---------- Source material
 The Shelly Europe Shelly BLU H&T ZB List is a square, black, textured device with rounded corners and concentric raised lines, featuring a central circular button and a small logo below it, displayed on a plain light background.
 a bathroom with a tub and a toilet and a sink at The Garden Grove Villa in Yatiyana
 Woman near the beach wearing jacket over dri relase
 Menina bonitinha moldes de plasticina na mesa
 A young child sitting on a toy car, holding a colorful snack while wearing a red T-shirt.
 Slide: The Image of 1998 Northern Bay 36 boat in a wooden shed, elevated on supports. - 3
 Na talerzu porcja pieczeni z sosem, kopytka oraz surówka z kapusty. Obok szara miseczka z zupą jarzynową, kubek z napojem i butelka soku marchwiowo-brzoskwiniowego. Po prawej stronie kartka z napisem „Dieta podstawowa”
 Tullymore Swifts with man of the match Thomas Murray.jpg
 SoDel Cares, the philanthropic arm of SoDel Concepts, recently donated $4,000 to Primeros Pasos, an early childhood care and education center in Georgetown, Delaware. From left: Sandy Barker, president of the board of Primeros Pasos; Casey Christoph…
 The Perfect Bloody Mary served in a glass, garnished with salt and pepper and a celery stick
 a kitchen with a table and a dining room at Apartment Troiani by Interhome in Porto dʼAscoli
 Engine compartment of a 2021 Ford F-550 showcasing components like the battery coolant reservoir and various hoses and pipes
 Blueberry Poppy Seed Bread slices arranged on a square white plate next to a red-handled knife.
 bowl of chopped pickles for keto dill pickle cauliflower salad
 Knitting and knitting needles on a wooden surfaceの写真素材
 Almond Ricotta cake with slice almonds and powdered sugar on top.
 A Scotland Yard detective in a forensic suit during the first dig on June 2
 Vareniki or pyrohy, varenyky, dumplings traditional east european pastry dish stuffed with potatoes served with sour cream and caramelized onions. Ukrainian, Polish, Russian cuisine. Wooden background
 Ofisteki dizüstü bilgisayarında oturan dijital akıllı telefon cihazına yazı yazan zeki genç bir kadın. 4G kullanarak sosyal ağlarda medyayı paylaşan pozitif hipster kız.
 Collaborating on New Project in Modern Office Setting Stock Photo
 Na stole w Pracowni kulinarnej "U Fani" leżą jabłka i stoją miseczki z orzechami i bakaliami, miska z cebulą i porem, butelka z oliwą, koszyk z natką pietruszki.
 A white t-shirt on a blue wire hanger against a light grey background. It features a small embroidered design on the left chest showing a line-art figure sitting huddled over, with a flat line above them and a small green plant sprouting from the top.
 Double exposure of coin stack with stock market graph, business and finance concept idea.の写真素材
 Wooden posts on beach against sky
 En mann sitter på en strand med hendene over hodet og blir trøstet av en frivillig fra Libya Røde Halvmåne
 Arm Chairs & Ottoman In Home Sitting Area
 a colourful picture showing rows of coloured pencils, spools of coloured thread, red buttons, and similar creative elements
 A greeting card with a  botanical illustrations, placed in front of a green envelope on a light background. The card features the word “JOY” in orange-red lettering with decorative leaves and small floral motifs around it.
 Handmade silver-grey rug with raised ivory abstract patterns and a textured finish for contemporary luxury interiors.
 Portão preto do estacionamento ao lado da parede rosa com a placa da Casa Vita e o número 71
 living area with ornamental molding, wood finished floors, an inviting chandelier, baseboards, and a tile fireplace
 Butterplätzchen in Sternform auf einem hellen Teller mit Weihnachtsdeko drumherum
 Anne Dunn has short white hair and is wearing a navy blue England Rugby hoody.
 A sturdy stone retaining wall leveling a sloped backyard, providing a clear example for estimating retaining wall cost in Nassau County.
--------------------
Exercise directions:
Whenever a line in the records above contains the string "square", copy that line.

Answer to the exercise:
 The Shelly Europe Shelly BLU H&T ZB List is a square, black, textured device with rounded corners and concentric raised lines, featuring a central circular button and a small logo below it, displayed on a plain light background.
 Blueberry Poppy Seed Bread slices arranged on a square white plate next to a red-handled knife.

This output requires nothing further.